GSA Connects 2022 meeting in Denver, Colorado

Paper No. 157-7
Presentation Time: 9:55 AM

BIVALVE DEAD-SHELL ASSEMBLAGES ARE STRONG SURROGATES FOR WHOLE BENTHIC MACROINVERTEBRATE COMMUNITIES IN PUGET SOUND


KOKESH, Broc1, BURGESS, Dany2, PARTRIDGE, Valerie2, WEAKLAND, Sandra2 and KIDWELL, Susan1, (1)Department of Geophysical Sciences, University of Chicago, Chicago, IL 60637, (2)Marine Sediment Monitoring Team, Washington State Department of Ecology, Olympia, WA 98504

To integrate paleoecological data with the “whole fauna” data used in biological monitoring, analyses usually must focus on the subset of taxa that are inherently preservable (by virtue of biomineralized hardparts) and those skeletal remains must also be identifiable in fragmentary or otherwise imperfect condition (perhaps requiring genus- or family-level identification). However, can shelly death assemblages reflect similar patterns of compositional variation among samples as exhibited by the entire infaunal macroinvertebrate community? We evaluated faunal count data from ten established subtidal stations in Puget Sound, Washington State. Among-sample distance matrices were produced for data based on five taxonomic subsets (the whole fauna, polychaetes, malacostracans, living bivalves, dead bivalves) at four levels of taxonomic resolution (species, genera, families, orders) evaluated under four numerical transformations of the original count data (proportional abundance, square-root and fourth-root proportional abundances, presence-absence), resulting in a total of 80 surrogate matrices.
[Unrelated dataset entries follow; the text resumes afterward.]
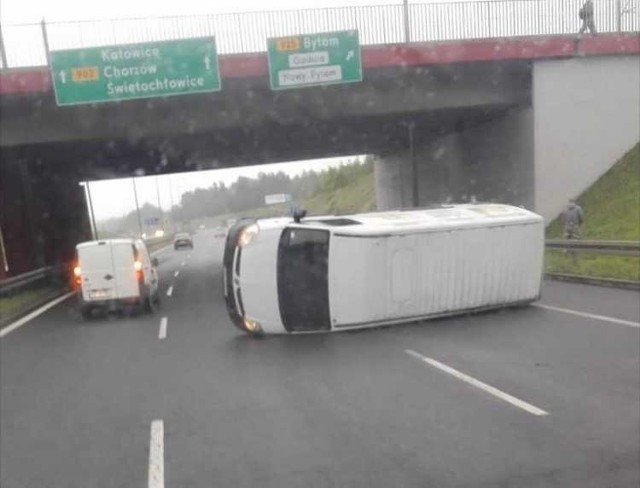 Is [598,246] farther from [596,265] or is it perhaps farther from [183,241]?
[183,241]

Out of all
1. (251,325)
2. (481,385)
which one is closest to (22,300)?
(251,325)

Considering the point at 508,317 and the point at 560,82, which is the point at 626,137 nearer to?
the point at 560,82

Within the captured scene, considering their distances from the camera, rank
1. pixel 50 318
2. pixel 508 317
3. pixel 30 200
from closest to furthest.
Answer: pixel 508 317, pixel 50 318, pixel 30 200

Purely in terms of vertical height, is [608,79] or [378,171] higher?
[608,79]

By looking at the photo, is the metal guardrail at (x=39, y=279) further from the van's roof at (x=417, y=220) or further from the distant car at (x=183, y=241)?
the distant car at (x=183, y=241)

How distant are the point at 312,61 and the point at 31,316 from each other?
10.3m

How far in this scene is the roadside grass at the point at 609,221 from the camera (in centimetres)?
1778

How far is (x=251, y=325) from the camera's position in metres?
12.0

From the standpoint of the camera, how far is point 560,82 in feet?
75.8

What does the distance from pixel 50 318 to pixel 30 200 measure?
11.0 m

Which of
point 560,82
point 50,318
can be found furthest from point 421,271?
point 560,82

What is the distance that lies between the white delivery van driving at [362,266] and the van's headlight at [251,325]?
0.02 metres

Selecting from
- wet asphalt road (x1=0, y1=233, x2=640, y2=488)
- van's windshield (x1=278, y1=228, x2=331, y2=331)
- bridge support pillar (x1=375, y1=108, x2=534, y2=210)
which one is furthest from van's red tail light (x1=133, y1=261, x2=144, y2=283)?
bridge support pillar (x1=375, y1=108, x2=534, y2=210)

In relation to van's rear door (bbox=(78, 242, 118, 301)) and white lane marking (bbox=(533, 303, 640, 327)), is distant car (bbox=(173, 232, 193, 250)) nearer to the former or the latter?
van's rear door (bbox=(78, 242, 118, 301)) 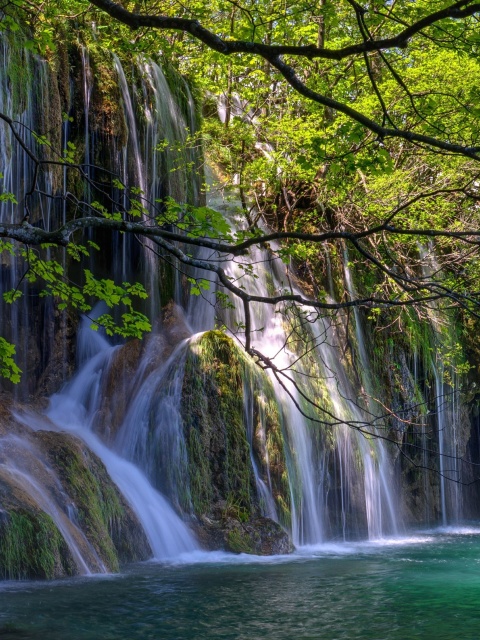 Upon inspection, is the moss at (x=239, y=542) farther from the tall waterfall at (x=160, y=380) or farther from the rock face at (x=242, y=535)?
the tall waterfall at (x=160, y=380)

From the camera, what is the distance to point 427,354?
1861 centimetres

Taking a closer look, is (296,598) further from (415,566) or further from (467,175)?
(467,175)

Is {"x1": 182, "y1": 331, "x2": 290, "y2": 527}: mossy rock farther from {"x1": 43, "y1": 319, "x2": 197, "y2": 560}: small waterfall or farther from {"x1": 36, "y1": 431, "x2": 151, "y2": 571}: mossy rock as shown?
{"x1": 36, "y1": 431, "x2": 151, "y2": 571}: mossy rock

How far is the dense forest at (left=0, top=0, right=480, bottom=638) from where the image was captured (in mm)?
10086

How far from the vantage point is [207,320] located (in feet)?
49.7

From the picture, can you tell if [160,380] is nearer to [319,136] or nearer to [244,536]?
[244,536]

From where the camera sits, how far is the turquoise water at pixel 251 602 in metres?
6.52

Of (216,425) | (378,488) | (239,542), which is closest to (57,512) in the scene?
(239,542)

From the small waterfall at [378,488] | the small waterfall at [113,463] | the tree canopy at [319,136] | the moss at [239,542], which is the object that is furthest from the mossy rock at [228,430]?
the small waterfall at [378,488]

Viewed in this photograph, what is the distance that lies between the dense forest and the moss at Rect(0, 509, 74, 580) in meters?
0.02

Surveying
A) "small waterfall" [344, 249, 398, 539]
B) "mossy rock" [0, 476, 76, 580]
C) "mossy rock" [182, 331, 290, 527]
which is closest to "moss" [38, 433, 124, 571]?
"mossy rock" [0, 476, 76, 580]

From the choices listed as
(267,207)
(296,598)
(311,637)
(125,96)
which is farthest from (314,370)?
(311,637)

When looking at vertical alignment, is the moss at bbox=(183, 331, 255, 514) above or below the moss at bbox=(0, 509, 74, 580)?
above

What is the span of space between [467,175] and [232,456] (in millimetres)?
7292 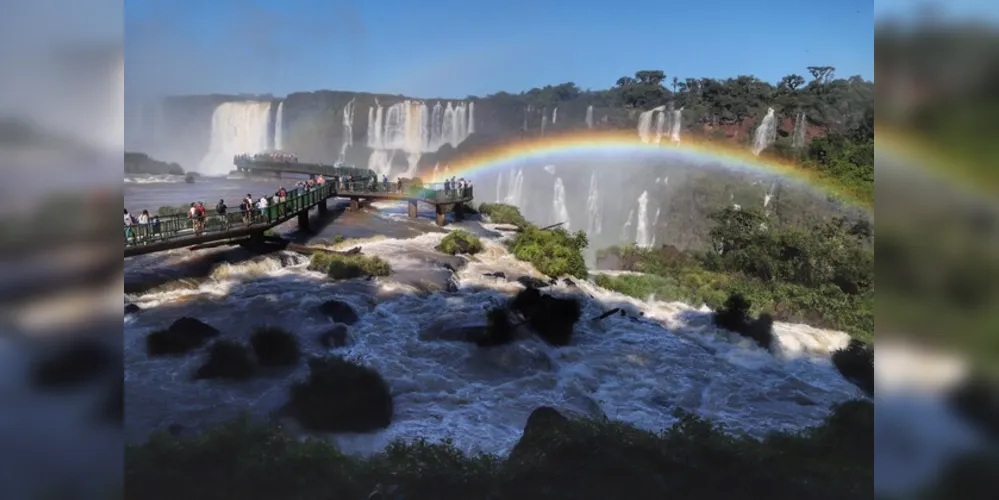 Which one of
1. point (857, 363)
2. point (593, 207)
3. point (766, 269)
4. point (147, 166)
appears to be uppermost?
point (147, 166)

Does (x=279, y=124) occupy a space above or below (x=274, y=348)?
above

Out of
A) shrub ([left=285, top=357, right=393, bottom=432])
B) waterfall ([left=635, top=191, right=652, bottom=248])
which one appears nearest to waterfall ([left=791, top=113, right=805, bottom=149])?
waterfall ([left=635, top=191, right=652, bottom=248])

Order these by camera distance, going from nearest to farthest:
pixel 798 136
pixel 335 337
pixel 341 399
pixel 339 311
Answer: pixel 341 399 < pixel 335 337 < pixel 339 311 < pixel 798 136

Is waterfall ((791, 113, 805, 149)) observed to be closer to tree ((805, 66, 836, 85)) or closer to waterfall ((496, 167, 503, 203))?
tree ((805, 66, 836, 85))

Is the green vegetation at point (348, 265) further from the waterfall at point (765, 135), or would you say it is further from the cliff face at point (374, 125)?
the waterfall at point (765, 135)

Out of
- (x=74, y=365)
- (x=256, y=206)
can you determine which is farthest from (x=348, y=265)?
(x=74, y=365)

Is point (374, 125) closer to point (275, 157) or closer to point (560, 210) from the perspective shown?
point (275, 157) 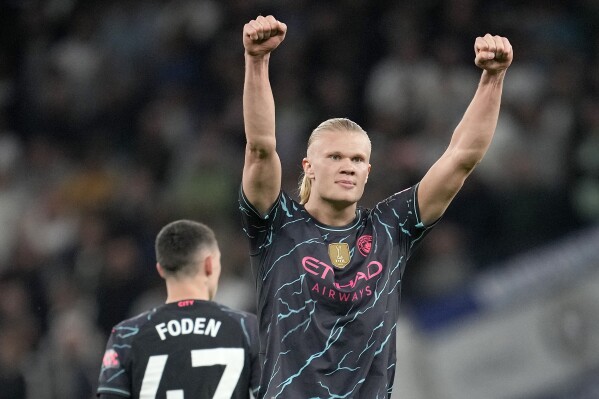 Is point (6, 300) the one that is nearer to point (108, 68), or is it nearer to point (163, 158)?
point (163, 158)

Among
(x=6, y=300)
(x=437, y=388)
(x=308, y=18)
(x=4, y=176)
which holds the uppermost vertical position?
(x=308, y=18)

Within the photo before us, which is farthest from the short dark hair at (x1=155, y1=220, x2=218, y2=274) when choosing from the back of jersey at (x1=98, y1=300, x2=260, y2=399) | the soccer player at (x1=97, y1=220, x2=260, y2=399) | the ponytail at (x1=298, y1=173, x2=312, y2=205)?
the ponytail at (x1=298, y1=173, x2=312, y2=205)

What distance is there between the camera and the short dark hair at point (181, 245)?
5770mm

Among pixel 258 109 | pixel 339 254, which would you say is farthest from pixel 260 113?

Second-stage ordination was used to plot inter-matrix correlations and determine the strength of surrogates as proxies of the original live-collected whole fauna data. We found that living and dead bivalves had nearly identical potential to serve as surrogates of the whole fauna; they were further offset from the whole fauna than was the polychaete subset (which dominates the whole fauna), but were far superior as surrogates than malacostracans. Genus- and family-level data were consistently strong surrogates of species-level data for most taxonomic subsets, and correlations declined for all subsets with the intensity of data transformation. These strongly positive results in a setting with potential to impose strong taphonomic bias on shell preservation (e.g., strong tides, and dissolution stress from cold bottom waters) are encouraging for use of bivalve dead-shell assemblages as a complement to monitoring data in regions with strong natural environmental gradients.